Required work: Each line of the data below should be restated exactly, with images left out.

Stored data:
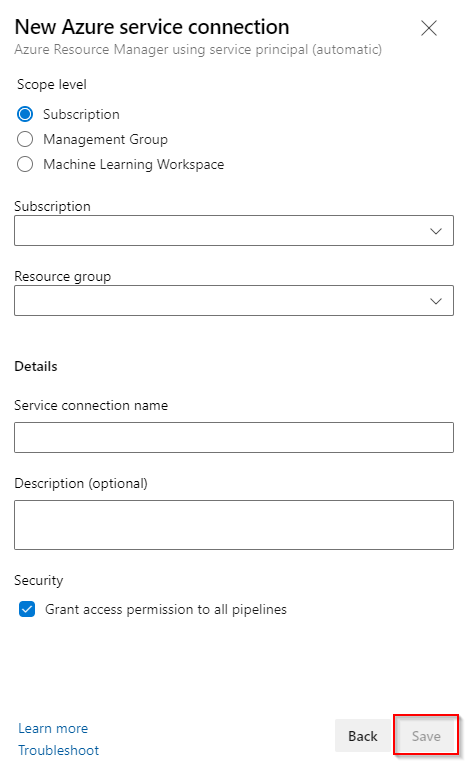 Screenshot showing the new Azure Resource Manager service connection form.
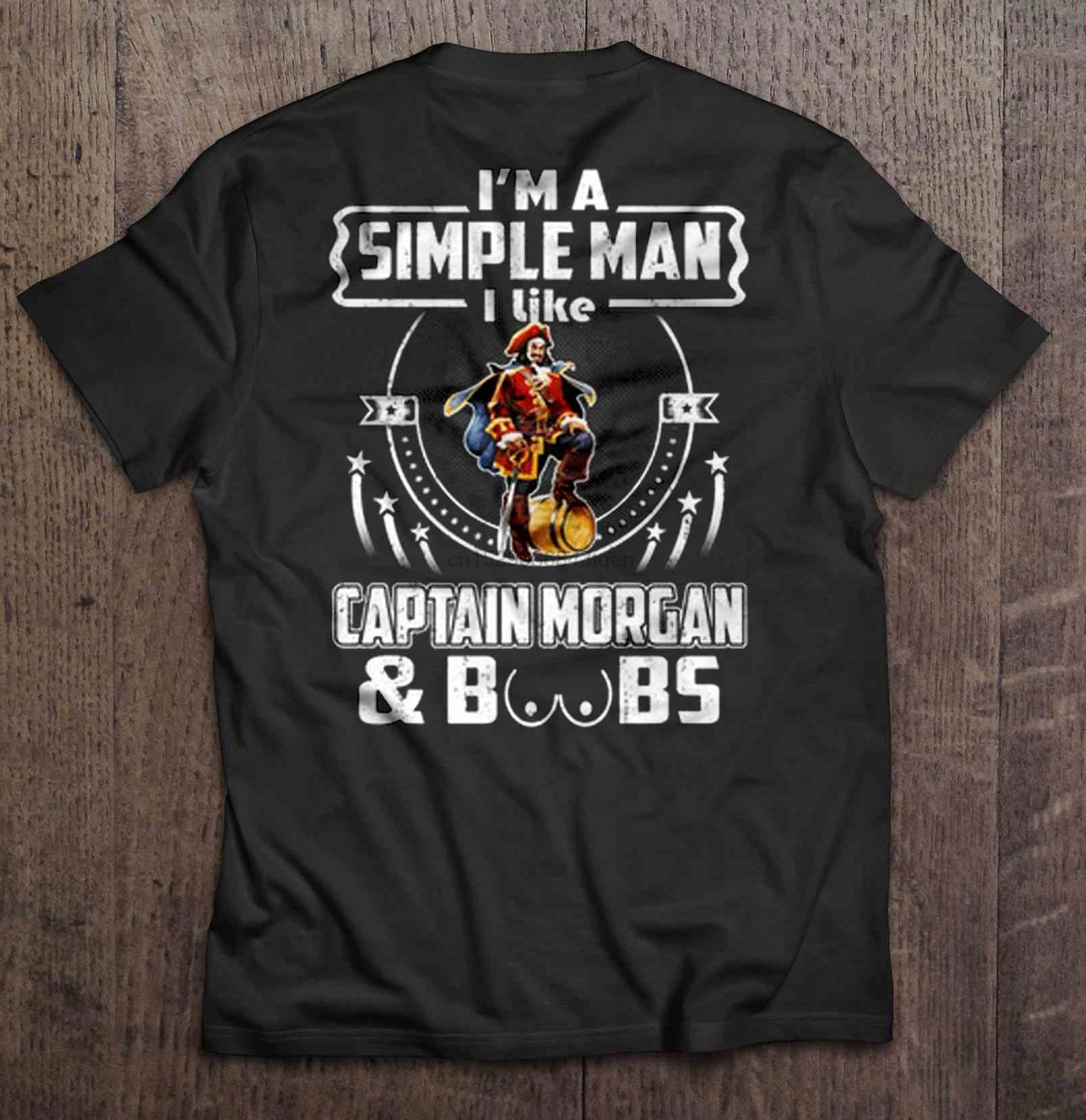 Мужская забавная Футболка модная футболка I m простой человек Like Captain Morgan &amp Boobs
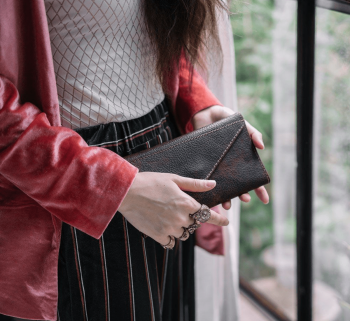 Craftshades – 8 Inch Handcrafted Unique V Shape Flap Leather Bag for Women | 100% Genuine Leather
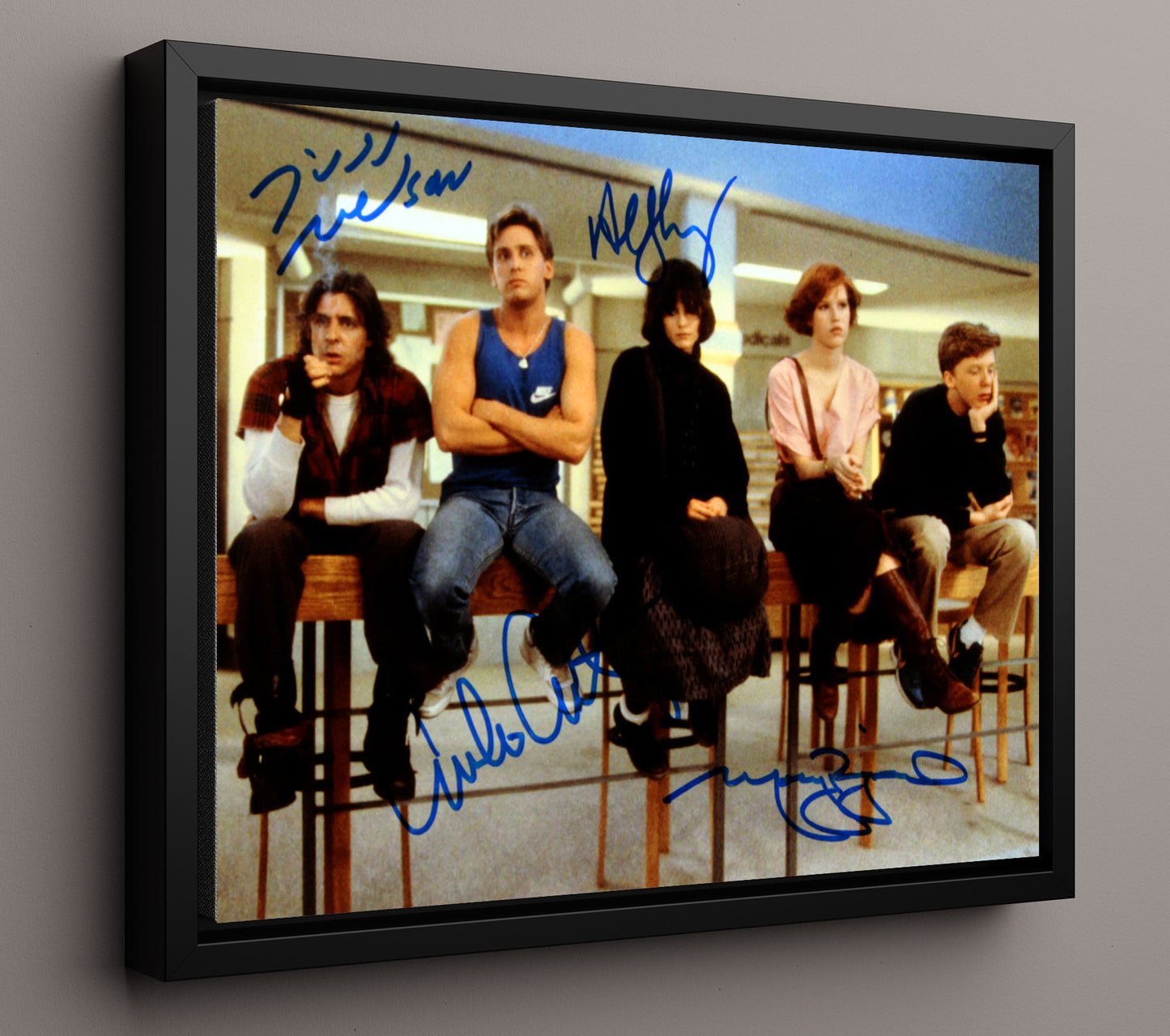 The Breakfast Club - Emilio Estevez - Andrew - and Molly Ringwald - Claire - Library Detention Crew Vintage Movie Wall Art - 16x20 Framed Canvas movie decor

Finished task:
 Screenshot showing the new Azure Resource Manager service connection form.
 Мужская забавная Футболка модная футболка I m простой человек Like Captain Morgan &amp Boobs
 Craftshades – 8 Inch Handcrafted Unique V Shape Flap Leather Bag for Women | 100% Genuine Leather
 The Breakfast Club - Emilio Estevez - Andrew - and Molly Ringwald - Claire - Library Detention Crew Vintage Movie Wall Art - 16x20 Framed Canvas movie decor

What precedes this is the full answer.